やはりしっくりこない。という事は、幼さはフレンズに必須の項目ではない。そういえば、ヒグマやキンシコウの様に子供っぽくなかったフレンズもいた。一体、ヒトに特有なものは何なのだろうか。

ヒトの成分を探しているはずが、どうやら検討違いのところに来てしまった。こういうときは振り出しに戻るべきだ。丁度いい具合に、一挙放送が始まるので、もう一度サバンナ地方から冒険を始めてみよう。

ニコ生「けものフレンズ」初の全話一挙放送 コメント数がアニメ史上ぶっちぎりの400万超えを達成 (ねとらぼ) - Yahoo!ニュース

 

フレンズとヒトと協力

物語を繰り返して気が付いたことがある。この物語は終始「協力」の物語であったということだ。

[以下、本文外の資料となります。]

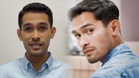 Kalau saya duda semua orang akan tahu – Nafiz Muaz
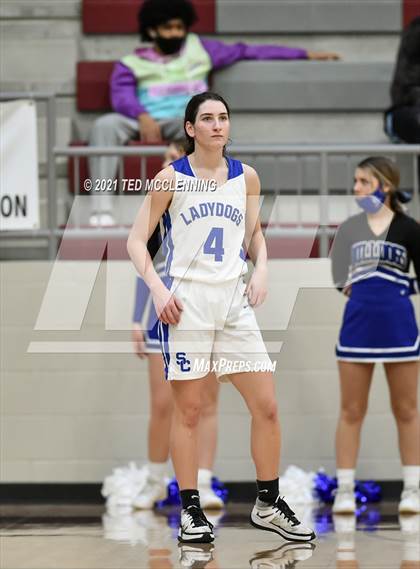 Thumbnail 1 in Star City vs. Harrison (AAA 4A State Round Two) photogallery.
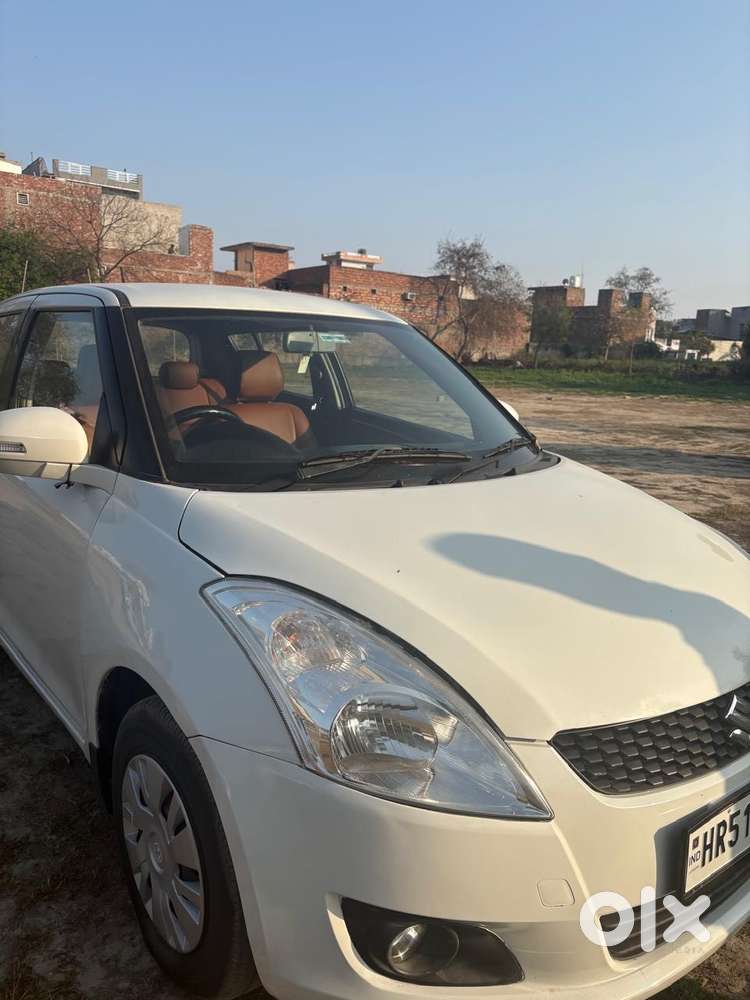 Clean Car New Tyres New Battery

1話ではカバが、2話ではカワウソとジャガーが、3話ではトキが、4話ではスナネコとツチノコが、5話ではビーバーとプレイリードックが、6話ではライオンやヘラジカ達、7話では博士ことアフリカオオコノハズクと助手のワシミミズク、8話ではペンギン達、9話ではキツネ達、10話ではオオカミとキリン、11話ではキンシコウやヒグマと、

 

そして、

 

そして最終話では全員が「協力」する話だ。

 

最終話、最大の見せ場はフレンズ大集合シーンだ。巨大セルリアンに対し、それまで登場したフレンズが総出演し、その撃退にあたる。結果、囚われのカバンちゃんを救い出す。そして、ここにこそ「人間とは何か」のヒントがあった。つまり、肉体的には強くないヒトが、いかにして地球の覇者になったのか?そしてその力の源泉は、容姿でも、言語でも、知能でもなく、ヒトが「協力」できることに起因する。

 

ヒトの特殊能力

こんなことを言うと「他の動物だって協力してるわ」と思うかもしれない。確かにそうだ、ライオンは群れで狩りを行い、ヌーだってお猿だって群れを形成する。しかし、決定的に違う要因がる、それは協力できる仲間の数である。

 

平均的なホモ・サピエンスと他の哺乳類が闘ってみよう、別にサバイバルでもいい。先述した通りホモ・サピエンスの肉体的は強くない。そんな勝負をすれば大方負けてしまう。遺伝的に近いとされているチンパンジーにさえ勝てないだろう、彼らはホモ・サピエンスから見れば握力300kgの猛獣だ。 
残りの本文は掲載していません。